Failure to build a low-carbon economy would leave Britain vulnerable to volatile oil prices, more reliant on imports and exposed to insecure energy supplies, Huhne added. The statement set out 32 ways to move away from fossil fuels and become more energy efficient.
"We must find ways of making energy go further," Huhne said. "Even as we reduce overall demand for energy, we may need to meet a near doubling in demand for electricity."
Energy bills will "rise considerably" in the coming years, the report said, although Huhne said it was hard to put a figure on the expected rises.
Plans for new "smart" electricity meters that allow people to monitor their consumption more closely could be brought forward to 2018 from 2020.
While much of the statement's contents were already known, Huhne said bringing all the ideas together would create "an overarching framework" to guide business and consumers.
The government promised to reform energy markets, build a more modern electricity network, make buildings more efficient and create a Green Investment Bank to support low carbon projects.
Huhne acknowledged the scale of the energy challenge.
Britain is committed to sourcing 15 percent of its total energy needs from renewables including wind, solar and tidal power by 2020. That amounts to a sevenfold increase from current levels.

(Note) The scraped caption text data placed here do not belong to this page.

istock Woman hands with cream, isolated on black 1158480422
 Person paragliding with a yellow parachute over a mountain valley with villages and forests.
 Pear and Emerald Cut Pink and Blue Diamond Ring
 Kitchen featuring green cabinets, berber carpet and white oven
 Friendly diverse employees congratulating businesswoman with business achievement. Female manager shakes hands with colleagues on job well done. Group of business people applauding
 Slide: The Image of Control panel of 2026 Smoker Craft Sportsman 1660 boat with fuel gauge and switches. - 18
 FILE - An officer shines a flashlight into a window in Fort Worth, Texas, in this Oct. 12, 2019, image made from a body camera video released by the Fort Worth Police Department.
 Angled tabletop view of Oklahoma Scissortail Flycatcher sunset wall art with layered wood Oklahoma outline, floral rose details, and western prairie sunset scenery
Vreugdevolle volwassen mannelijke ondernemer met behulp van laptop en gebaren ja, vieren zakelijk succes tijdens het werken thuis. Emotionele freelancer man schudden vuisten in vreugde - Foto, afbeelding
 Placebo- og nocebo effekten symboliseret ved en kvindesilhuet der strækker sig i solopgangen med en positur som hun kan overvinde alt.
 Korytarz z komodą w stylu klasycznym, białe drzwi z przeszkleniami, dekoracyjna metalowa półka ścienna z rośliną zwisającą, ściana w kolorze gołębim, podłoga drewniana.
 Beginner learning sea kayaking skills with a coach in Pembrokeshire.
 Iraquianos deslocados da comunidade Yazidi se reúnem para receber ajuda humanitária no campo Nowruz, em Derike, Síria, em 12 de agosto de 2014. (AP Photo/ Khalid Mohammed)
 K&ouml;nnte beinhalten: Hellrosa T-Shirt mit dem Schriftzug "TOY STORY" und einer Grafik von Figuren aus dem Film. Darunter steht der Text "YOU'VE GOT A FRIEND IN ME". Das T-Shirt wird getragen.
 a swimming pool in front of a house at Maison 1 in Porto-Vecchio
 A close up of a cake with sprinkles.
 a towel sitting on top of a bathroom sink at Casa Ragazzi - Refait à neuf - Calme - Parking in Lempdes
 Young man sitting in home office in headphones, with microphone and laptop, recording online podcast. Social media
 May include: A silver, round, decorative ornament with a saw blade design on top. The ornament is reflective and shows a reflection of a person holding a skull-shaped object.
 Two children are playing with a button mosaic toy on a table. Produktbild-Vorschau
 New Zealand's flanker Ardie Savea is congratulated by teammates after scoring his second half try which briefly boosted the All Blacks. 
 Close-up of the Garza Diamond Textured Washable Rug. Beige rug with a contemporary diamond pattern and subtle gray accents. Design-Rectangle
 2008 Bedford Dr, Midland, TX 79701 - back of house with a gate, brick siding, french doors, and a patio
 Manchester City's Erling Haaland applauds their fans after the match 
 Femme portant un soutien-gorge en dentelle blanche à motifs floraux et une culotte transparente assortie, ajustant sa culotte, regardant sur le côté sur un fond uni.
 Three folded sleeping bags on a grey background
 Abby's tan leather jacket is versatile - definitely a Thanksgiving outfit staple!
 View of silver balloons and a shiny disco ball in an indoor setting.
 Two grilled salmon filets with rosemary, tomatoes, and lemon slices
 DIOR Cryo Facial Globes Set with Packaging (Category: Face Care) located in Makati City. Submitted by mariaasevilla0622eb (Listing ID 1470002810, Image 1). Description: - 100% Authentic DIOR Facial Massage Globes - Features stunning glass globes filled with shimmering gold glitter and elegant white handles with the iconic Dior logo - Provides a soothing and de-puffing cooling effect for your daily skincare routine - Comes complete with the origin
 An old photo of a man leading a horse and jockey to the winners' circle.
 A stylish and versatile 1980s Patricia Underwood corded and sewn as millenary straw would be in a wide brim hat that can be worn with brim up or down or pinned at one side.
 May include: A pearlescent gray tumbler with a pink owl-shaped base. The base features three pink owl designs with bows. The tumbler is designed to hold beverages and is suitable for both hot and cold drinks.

Renewables are also seen generating 30 percent of the country's electricity, up from about 5.5 percent today.
The problem is exacerbated by the scheduled decline in existing oil, gas and nuclear capacity in the next 15 years.
"We lose a third of our coal plants by 2016 ... we lose much of the rest of the coal plant as a result of the emissions reduction directive coming in toward the end of the decade, and we are due to lose most of the nuclear plant by 2023," Energy Minister Charles Hendry told a news conference.
Huhne said the previous Labor government left a poor legacy on energy policy.
But Labor's energy spokesman, Ed Miliband, dismissed the statement as "rhetoric without substance."
"What the secretary of state didn't tell us is that on a whole range of issues he is going backwards, not forwards compared to the actions of the last government," Miliband said.